The memo points to intelligence gaps in the areas of (a) operations, (b) personnel, and (c) foreign influence. Only a short segment of a much longer memo (the bulleted point "U") has been released. The released text is here: U.S. Coast Guard Intelligence Concerns Over How DP World’s Proposed Purchase of P&O Could Affect U.S. Port Security . The Coast Guard has noted that the memo concluded: “that DP World's acquisition of P&O, in and of itself, does not pose a significant threat to U.S. assets in [continental United States] ports.”
Did the formal investigation pass over some steps that would normally have been taken:
Normally, such a company will be checked out by CFIUS for any "derogatory" information before being allowed to invest in a sensitive U.S. business, Baker said. In this case, the Homeland Security Department already knew the company well, he said.
"We have a relationship with this company because they have been a participant in some of our cargo and port security measures," Baker said. "Remember, our interest in port security extends well beyond the United States. If we discover weapons of mass destruction inside a U.S. port, we've already lost. So we do a lot of screening abroad, and our general experience with this company has been positive." (Paul Blustein, "Some in Congress Object to Arab Port Operator ", Washington Post, Feb 17; Baker is Stewart Baker, assistant secretary for policy at the Department of Homeland Security)
CFIUS approved the deal after getting assurances from DP World that certain conditions would be met.
Even so, the department had enough qualms to insist on a number of legally binding conditions for approving the deal -- a frequent CFIUS practice. The company pledged to maintain its participation in the Customs program, "and they agreed to open their books, and give us access to records, without any formal legal process," Baker said.
The department also wanted to ensure that the personnel at the U.S. terminals to be taken over by the company would remain almost entirely American. So it extracted a pledge that the company intended to keep the current management of U.S. operations in place. (Jim VandeHei and Paul Blustein, Washington Post: Bush's Response To the Ports Deal Faulted as Tardy, Feb 26)

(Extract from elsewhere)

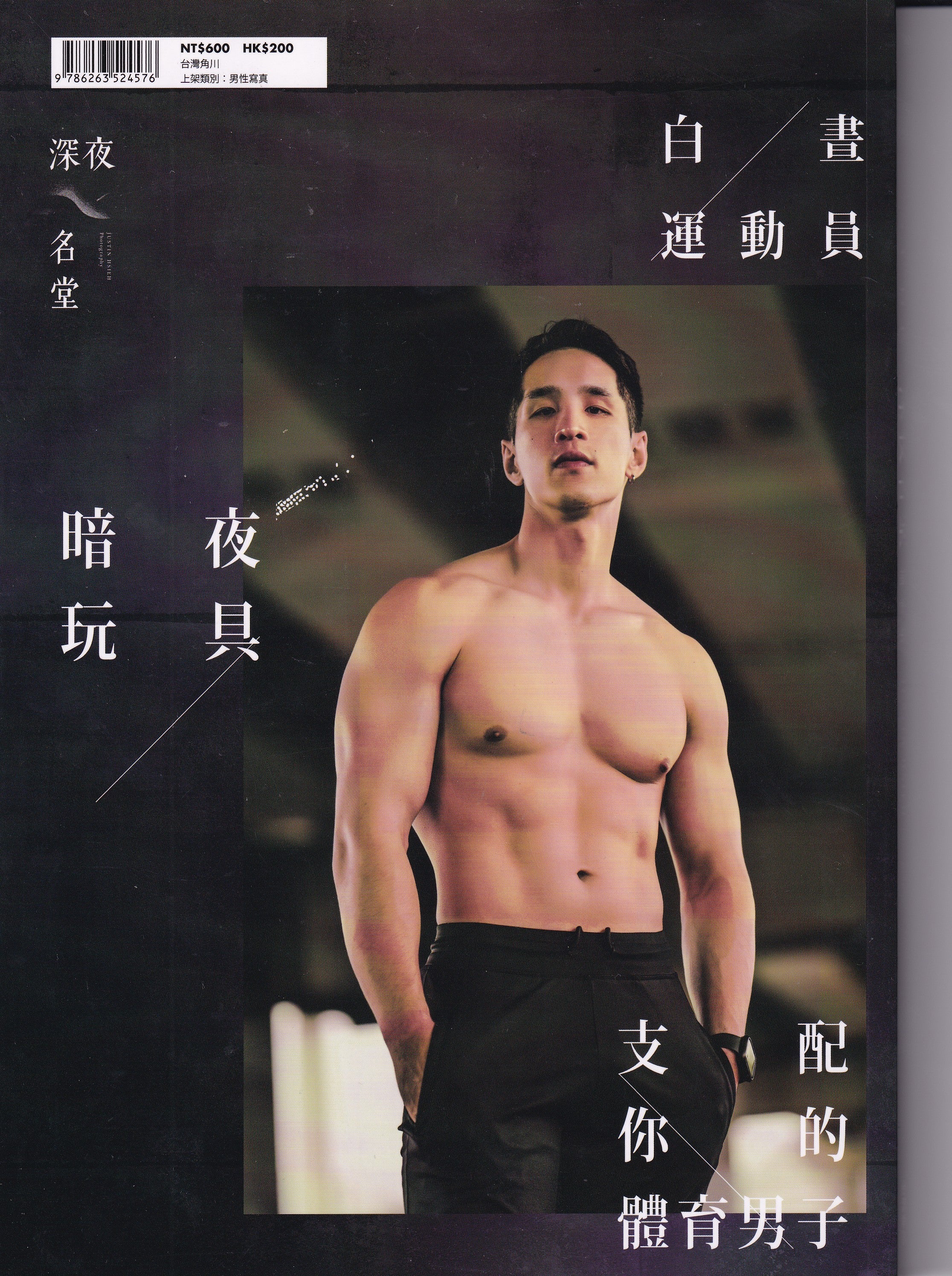 Gay Photobook - Nude - Justin Hsieh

After the controversy broke out, Fred Bergsten, a former CFIUS chair, suggested one condition he felt would be appropriate:
...the administration should obtain and make public immediately a letter of assurance from the government of the United Arab Emirates committing itself to avoid any involvement in the business operations of Dubai Ports World and to take all steps necessary to guard against security problems. Both the government and the company have proclaimed that Dubai Ports would act solely as a commercial entity, and the company has pledged its full participation in all U.S. security programs, so it should be routine to obtain such a letter. Any violation of these commitments, by the UAE government or the company itself, would subject the company to cancellation of its approval to operate in the United States and thus force its immediate divestiture, presumably at a fire-sale price. We obtained a similar statement from the French government in 1979 to resolve concerns about the acquisition of American Motors by Renault, which was then partially government-owned. (C. Fred Bergsten, "Avoiding Another Dubai", Washington Post, Feb 28)
As noted, CFIUS approved the deal on January 17. (Weisman above).

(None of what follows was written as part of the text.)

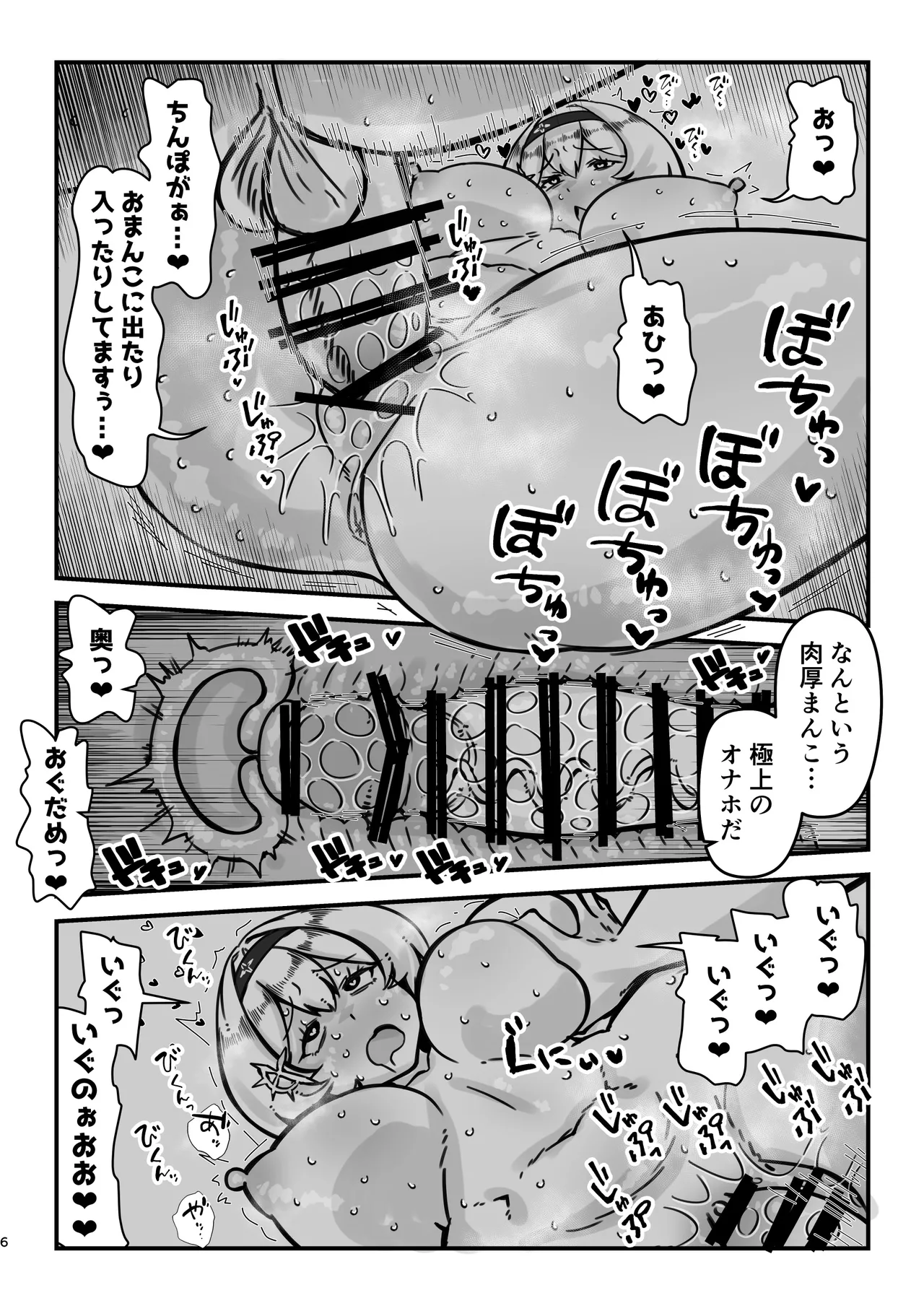 赤靴パコる本 - page6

CFIUS ended the review after a 30 day review. It did not proceed to an additional 45 day review, seen by many as required by statute for firms owned by governments. The length of the review as of the 17th (effectively beginning in late October or early November 2005) apparently was a factor:
The extra 45-day investigation wasn't necessary, Baker said, because the company approached CFIUS in late November, when it decided to bid for Peninsular and Oriental. So the committee had "at least a few weeks longer" than the standard 30 days to look into the ramifications of the takeover, he said. (Paul Blustein, "Some in Congress Object to Arab Port Operator ", Washington Post, Feb 17; Baker is Stewart Baker, assistant secretary for policy at the Department of Homeland Security)

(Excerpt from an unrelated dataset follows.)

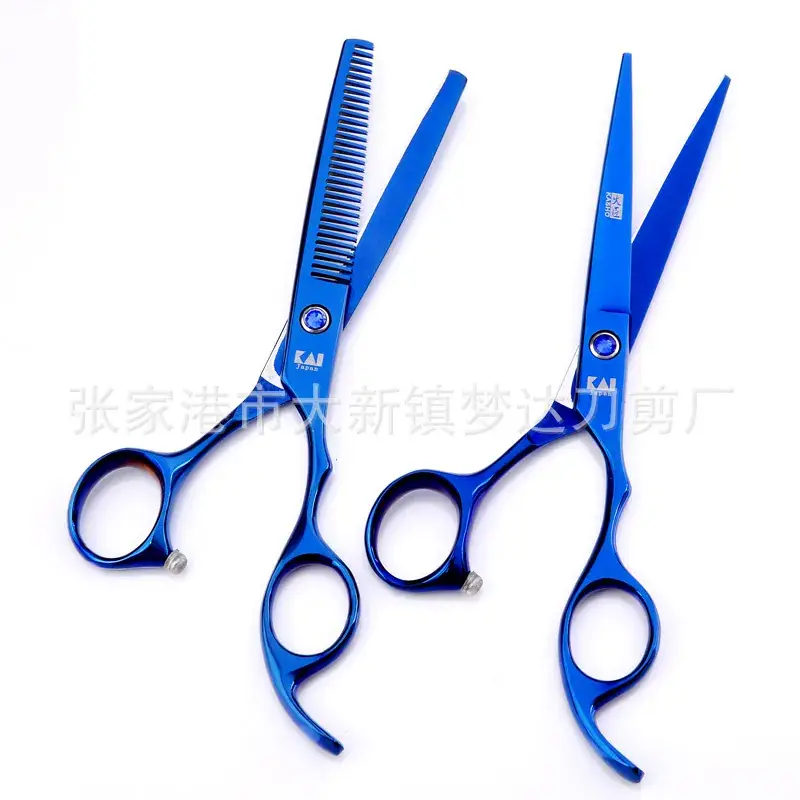 Factory Direct 5.5-6.0" Tinker Color Hair Scissors - Image 5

The CFIUS web site points to the statute:
Amendments. Section 837(a) of the National Defense Authorization Act for Fiscal Year 1993, called the "Byrd Amendment," amended Section 721 of the Defense Production Act (the "Exon-Florio provision"). It requires an investigation in cases where:
o the acquirer is controlled by or acting on behalf of a foreign government; and
o the acquisition "could result in control of a person engaged in interstate commerce in the U.S. that could affect the national security of the U.S."
Judd at Think Progress says yes: Administration Failed To Conduct Legally Required Investigation Before Approving UAE Port Deal (Feb 22) Sexias defends the legality of the action, but not necessarily the law: Breaking the Law Legally (Feb 24). I don't believe either are lawyers.
And neither am I. The language does appear to be ambiguous. Does it, "is it conceivable that it could have even the smallest effect?" or does it mean that, "after an preliminary review you make a determination that there won't have a meaningful or significant effect, you don't have to proceed further?"
There may be an argument for the second reading on the basis of practicality, and the precedent created by the frequency of investigations in the past. If there were significant disagreements during the CFIUS review, the second interpretation wouldn't govern in this case. I wonder if there is any case law that addresses this ambiguity?
All Hell breaks loose
At this point, it's not clear if the CFIUS process succeeded in cost-effectively eliminating potential security threats. Details of the review process are not public. We don't know what issues were raised, or how they were resolved.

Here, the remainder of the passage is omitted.